Exercise data:

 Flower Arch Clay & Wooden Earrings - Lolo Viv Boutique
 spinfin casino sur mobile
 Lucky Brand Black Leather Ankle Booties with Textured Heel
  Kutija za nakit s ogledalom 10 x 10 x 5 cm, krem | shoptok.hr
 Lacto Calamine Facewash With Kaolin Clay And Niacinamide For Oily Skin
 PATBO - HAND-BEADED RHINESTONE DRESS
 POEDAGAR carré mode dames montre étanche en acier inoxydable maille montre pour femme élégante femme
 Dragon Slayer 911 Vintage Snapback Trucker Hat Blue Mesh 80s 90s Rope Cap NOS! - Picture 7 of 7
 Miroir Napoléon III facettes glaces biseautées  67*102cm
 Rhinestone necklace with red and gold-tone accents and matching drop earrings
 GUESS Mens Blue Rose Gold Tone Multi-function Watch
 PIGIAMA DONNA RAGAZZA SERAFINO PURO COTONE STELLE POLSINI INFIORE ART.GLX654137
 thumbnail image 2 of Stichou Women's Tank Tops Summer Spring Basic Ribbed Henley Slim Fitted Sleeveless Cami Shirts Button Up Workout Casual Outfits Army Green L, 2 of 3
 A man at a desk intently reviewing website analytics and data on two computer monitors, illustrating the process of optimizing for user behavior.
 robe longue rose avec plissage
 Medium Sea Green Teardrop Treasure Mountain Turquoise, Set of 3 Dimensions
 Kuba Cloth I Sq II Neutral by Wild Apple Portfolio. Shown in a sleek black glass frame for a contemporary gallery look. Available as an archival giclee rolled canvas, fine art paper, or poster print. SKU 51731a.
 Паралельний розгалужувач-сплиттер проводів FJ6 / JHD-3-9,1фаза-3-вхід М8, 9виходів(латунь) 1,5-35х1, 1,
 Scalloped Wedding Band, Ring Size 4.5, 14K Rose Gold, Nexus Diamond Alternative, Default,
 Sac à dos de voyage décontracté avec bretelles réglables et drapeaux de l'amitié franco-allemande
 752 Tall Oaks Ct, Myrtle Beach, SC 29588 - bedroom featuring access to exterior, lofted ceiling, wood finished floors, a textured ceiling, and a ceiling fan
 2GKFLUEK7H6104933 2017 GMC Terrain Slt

What is expected: Print out the whole of the material above exactly.

Completed exercise:
 Flower Arch Clay & Wooden Earrings - Lolo Viv Boutique
 spinfin casino sur mobile
 Lucky Brand Black Leather Ankle Booties with Textured Heel
  Kutija za nakit s ogledalom 10 x 10 x 5 cm, krem | shoptok.hr
 Lacto Calamine Facewash With Kaolin Clay And Niacinamide For Oily Skin
 PATBO - HAND-BEADED RHINESTONE DRESS
 POEDAGAR carré mode dames montre étanche en acier inoxydable maille montre pour femme élégante femme
 Dragon Slayer 911 Vintage Snapback Trucker Hat Blue Mesh 80s 90s Rope Cap NOS! - Picture 7 of 7
 Miroir Napoléon III facettes glaces biseautées  67*102cm
 Rhinestone necklace with red and gold-tone accents and matching drop earrings
 GUESS Mens Blue Rose Gold Tone Multi-function Watch
 PIGIAMA DONNA RAGAZZA SERAFINO PURO COTONE STELLE POLSINI INFIORE ART.GLX654137
 thumbnail image 2 of Stichou Women's Tank Tops Summer Spring Basic Ribbed Henley Slim Fitted Sleeveless Cami Shirts Button Up Workout Casual Outfits Army Green L, 2 of 3
 A man at a desk intently reviewing website analytics and data on two computer monitors, illustrating the process of optimizing for user behavior.
 robe longue rose avec plissage
 Medium Sea Green Teardrop Treasure Mountain Turquoise, Set of 3 Dimensions
 Kuba Cloth I Sq II Neutral by Wild Apple Portfolio. Shown in a sleek black glass frame for a contemporary gallery look. Available as an archival giclee rolled canvas, fine art paper, or poster print. SKU 51731a.
 Паралельний розгалужувач-сплиттер проводів FJ6 / JHD-3-9,1фаза-3-вхід М8, 9виходів(латунь) 1,5-35х1, 1,
 Scalloped Wedding Band, Ring Size 4.5, 14K Rose Gold, Nexus Diamond Alternative, Default,
 Sac à dos de voyage décontracté avec bretelles réglables et drapeaux de l'amitié franco-allemande
 752 Tall Oaks Ct, Myrtle Beach, SC 29588 - bedroom featuring access to exterior, lofted ceiling, wood finished floors, a textured ceiling, and a ceiling fan
 2GKFLUEK7H6104933 2017 GMC Terrain Slt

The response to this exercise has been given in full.